## TASK GOAL
Repeat the listing verbatim. Drop any pictures.

## INFORMATION SUPPLIED
+++
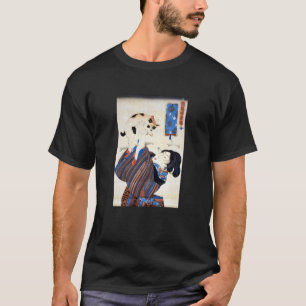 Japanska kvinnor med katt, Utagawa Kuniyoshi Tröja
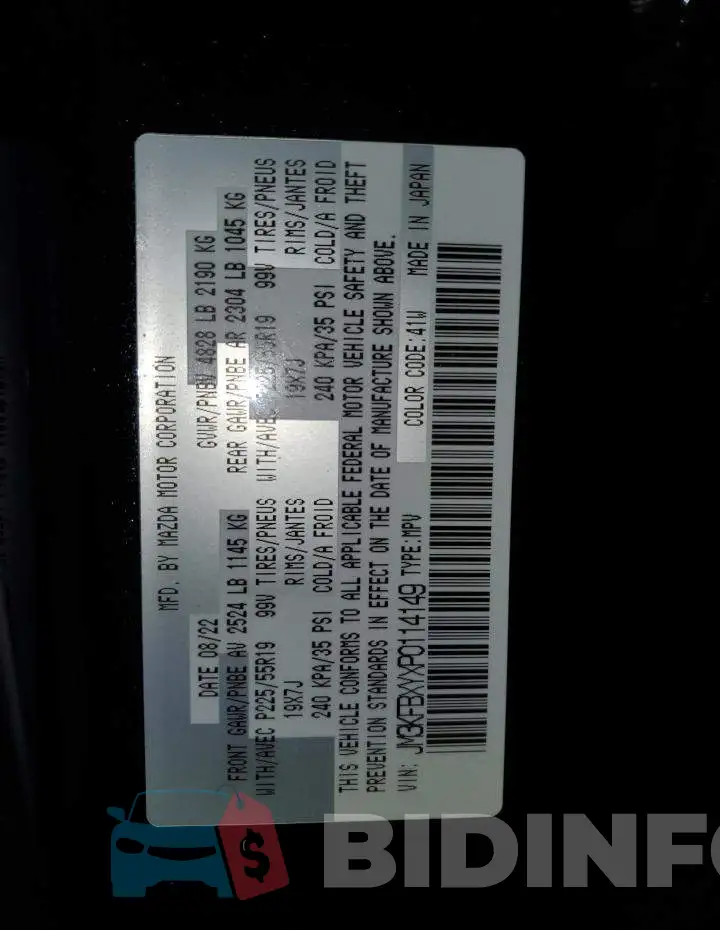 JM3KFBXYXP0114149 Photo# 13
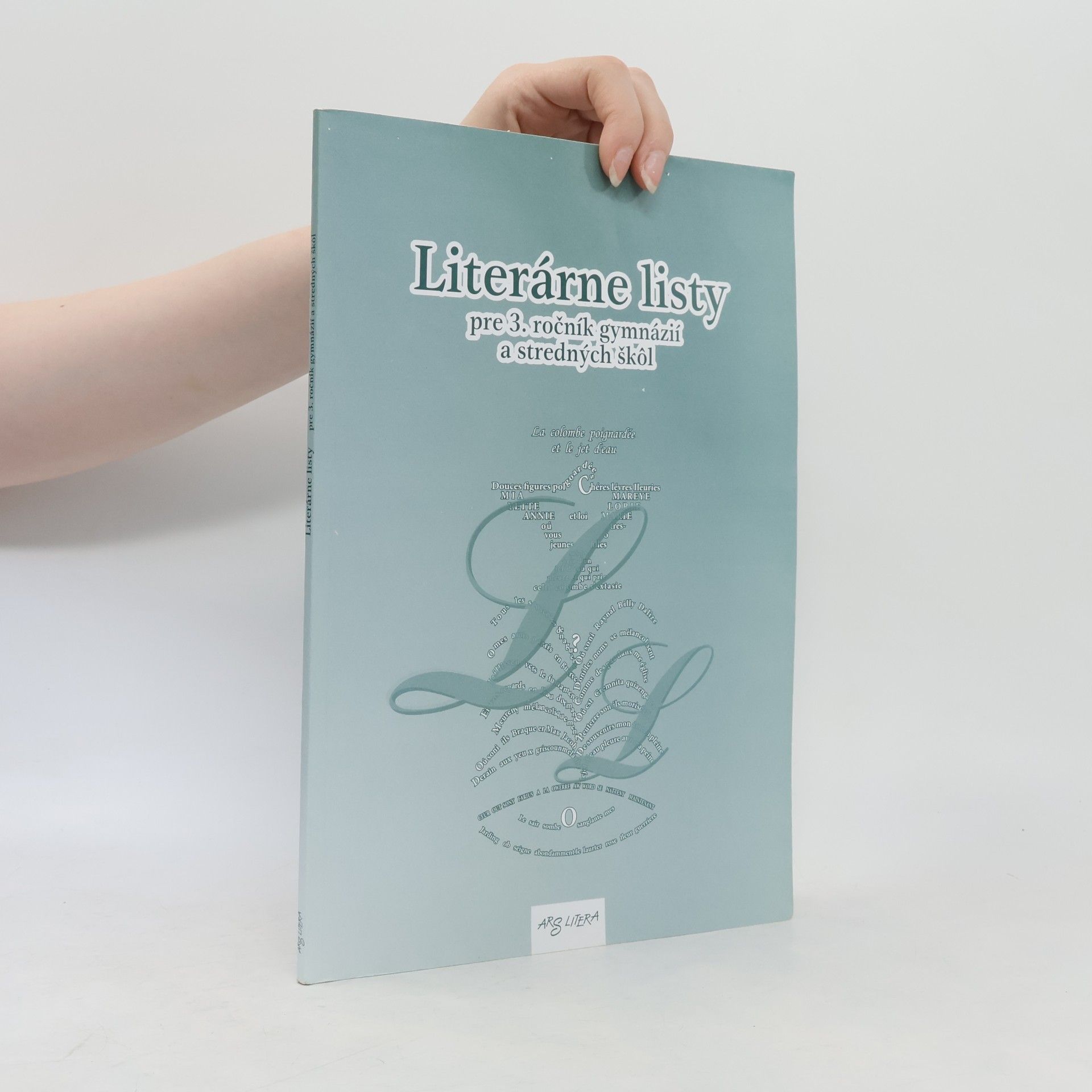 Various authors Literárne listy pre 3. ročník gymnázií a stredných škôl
+++
## EXPECTED ANSWER
 Japanska kvinnor med katt, Utagawa Kuniyoshi Tröja
 JM3KFBXYXP0114149 Photo# 13
 Various authors Literárne listy pre 3. ročník gymnázií a stredných škôl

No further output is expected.